The wage gap is the product of many factors, ranging from outright employer discrimination to differences in the occupations men and women choose and the hours they work. It is also a long-standing concern in the US. Congress passed the Equal Pay Act in 1963, but major gender pay disparities still exist more than 50 years later, despite other legislative actions intended to create more equality.
However, the issue remains controversial. There is, for example, widespread disagreement on the best way to measure the wage gap. Some believe the 78 percent figure is misleading because women tend to work in lower-paying fields than men. And while Democrats have put forth more legislation aimed at shrinking that gap, Republicans argue that the Equal Pay Act already made it illegal to discriminate on gender, and that any further legislation is unnecessary.
Why is there a gender wage gap?
Lots of factors contribute to the gap in pay between men and women. There's outright discrimination, of course. And if that's all there was than the gender-wage gap would be simple to quantify.
But researchers have identified many more differences between men and women that contribute to the wage gap. For example, women tend to work fewer hours than men, even among full-time workers. Women also tend to work in lower-paying fields than men. That means that different approaches to measuring the gap come up with different numbers than the oft-used 78 percent figure.

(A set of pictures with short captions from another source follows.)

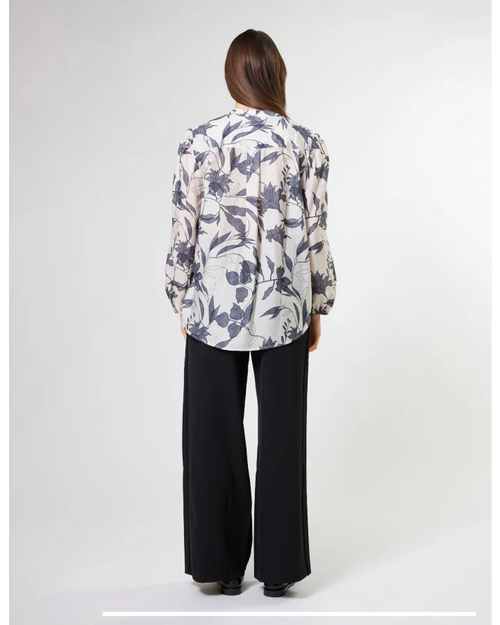 Stella and Gemma Faye Blouse Moonlit Steam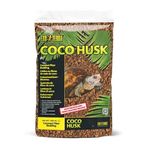 EXO TERRA COCONUT HUSK FIBRE REPTILE TROPICAL TERRARIUM TANK SUBSTRATE BEDDING 26.4L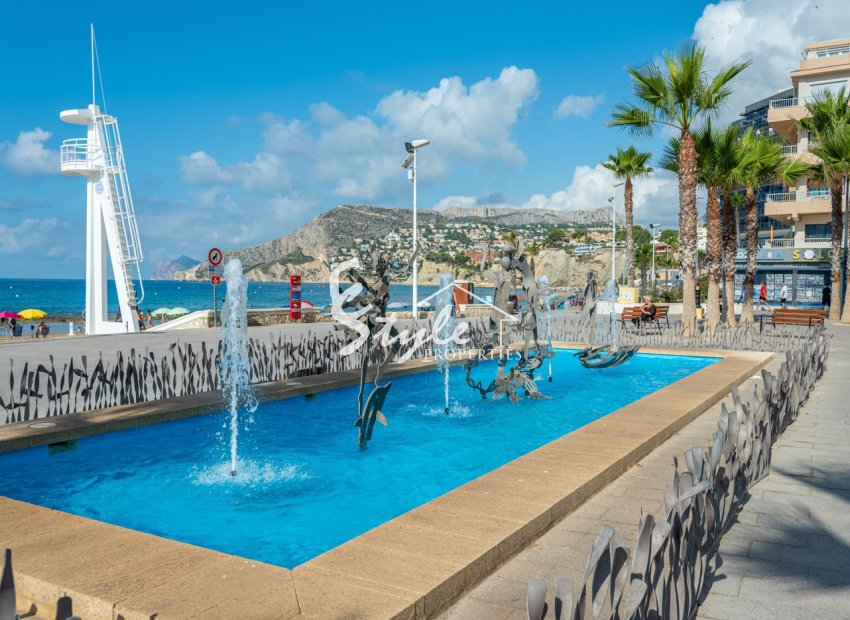 Resale - Apartamento - Calpe - Centro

Other factors that are tougher to measure are also involved. Women tend not to negotiate their pay as hard as men do, and there is also evidence that employers are averse to promoting young women, as employers worry that those women will not stick around or will start putting in fewer hours when they have children. Women are also less interested than men are in becoming the boss, as a Pew study found in late 2013.
In addition, pay secrecy — when employers discourage or prohibit employees from discussing their pay — can contribute to unequal pay. It's easier for pay discrepancies to remain in place and even worsen when workers do not know those discrepancies exist.
How big is the wage gap?
The often-cited 78 percent figure, which comes from Census data, is the broadest measure and measures annual income for all full-time year-round workers. However, a Labor Department measure of weekly wages finds that women make 82 percent of what men make.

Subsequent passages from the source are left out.